Pedro Castillo juega a la víctima mientras esparce odio con un discurso peligrosamente antidemocrático. Cuando dice, como lo hizo en Apurímac, “Somos más serranos que la papa y por eso cuando un compañero del campo hoy pisa y gobierna nos discriminan”, no solo miente sino que incita a la división y lucha entre peruanos. Los engaños que salen de la boca de este individuo no son casuales, sino propias de alguien que apuesta por la lucha de clases, por un alzamiento violento gestado en el campo contra la ciudad, es decir la misma insania de Sendero Luminoso inspirada en la revolución maoísta.

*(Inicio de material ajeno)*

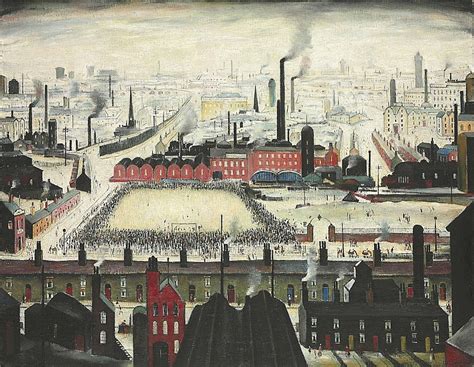 Laurence Stephen Lowry Artwork for Sale at Online Auction | Laurence ...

La democracia funciona cuando los ciudadanos participan. La democracia cobra sentido cuando el discurso sirve para unificar la pluralidad y la diversidad de sentires, ideas y pareceres, favoreciendo una convivencia pacífica. La democracia sobrevive y se fortalece al generar sentimiento de pertenencia a una sociedad que nos es común a todos. Castillo ataca todo eso, polariza y divide: “serranos”-costeños; “el pueblo”-partidos políticos; “pobres”-ricos; “agricultores”-empresarios y así ad infinitum. Y con eso golpea directamente el ‘nosotros’ que es la piedra angular de toda sociedad civilizada y democrática. Castillo dice que es “discriminado”, pero quien excluye en el hablar y en la práctica es él cuando, por ejemplo, impide colaborar con su gobierno a quienes no son de su círculo: chotano, magisterial, sindicalista, andino, seudocomunista y etc. Pese a que eso afecta a su gestión y aumenta el rechazo de la población.

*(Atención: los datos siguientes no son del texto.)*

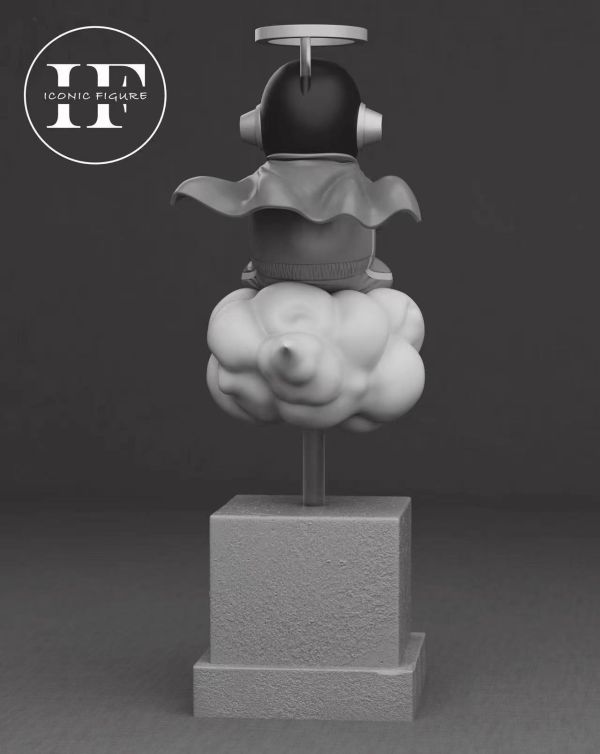 【售罄展示追加請私訊客服@toystationtw】七龍珠 再見鳥山明老師  X IF 動漫,模型,玩具,gk,玩驛,火影,手辦,海賊,死神,航海王,獵人,阿拉蕾,七大罪,七龍珠,寶可夢,神奇寶貝,哥吉拉,宮崎駿,迪士尼,灌籃高手,鬼滅之日刃,一拳超人,蠟筆小新,咒術,鏈鋸人,進擊的巨人,妖精尾巴,我的英雄學院,我英,鋼鍊,鋼之煉金術師,新世紀福音戰士,EVA,間諜家家酒,Re0,漫威,dc,集美#hex#tsume#prime1#queen#tes#xm#野獸國#壽屋#數碼寶貝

En menos de un año ha dilapidado casi todo su capital político y fracasado en todo. Es un gobernante fallido que promete un Perú inviable. Es una amenaza para la democracia, una bomba de tiempo que reventará, antes que después, la ya anémica economía nacional. Pensó equivocadamente que gobernar era igual que encabezar a unos maestros huelguistas, como lo hizo en 2017. Se acostumbró a mentarle la madre al gobierno y al poder, desde afuera, y ahora sobre el caballo no tiene idea de cómo espuelear. Este señor no tiene la pasta ni las ganas de dirigir los destinos de 33 millones de personas guiado por la noción del Bien Común. Para eso debe respetar a quienes no comulgan con sus ideas, amén de voluntad de trabajo y de aprendizaje, promover las libertades y obedecer las sentencias de las instancias nacionales (como la del Tribunal Constitucional devolviéndole el indulto al presidente Alberto Fujimori).

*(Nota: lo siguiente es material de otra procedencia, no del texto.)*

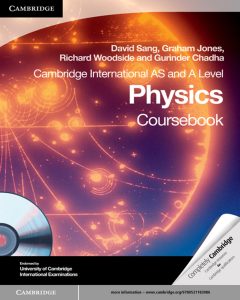 A-Level物理教材下载《Cambridge International AS and A Level Physics Coursebook》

Vivimos una democracia defectuosa, con una creciente fragmentación parlamentaria y ausencia de liderazgos. Mientras tanto, aumentan los conflictos sociales y los escándalos de corrupción (plagio de tesis, fraude electoral, licitaciones pactadas, etc.) son diarios y enervan a la población, distrayendo a los medios y al propio gobierno de los problemas de fondo que aquejan a nuestro país.

El discriminado es el Perú, por los odios de Castillo.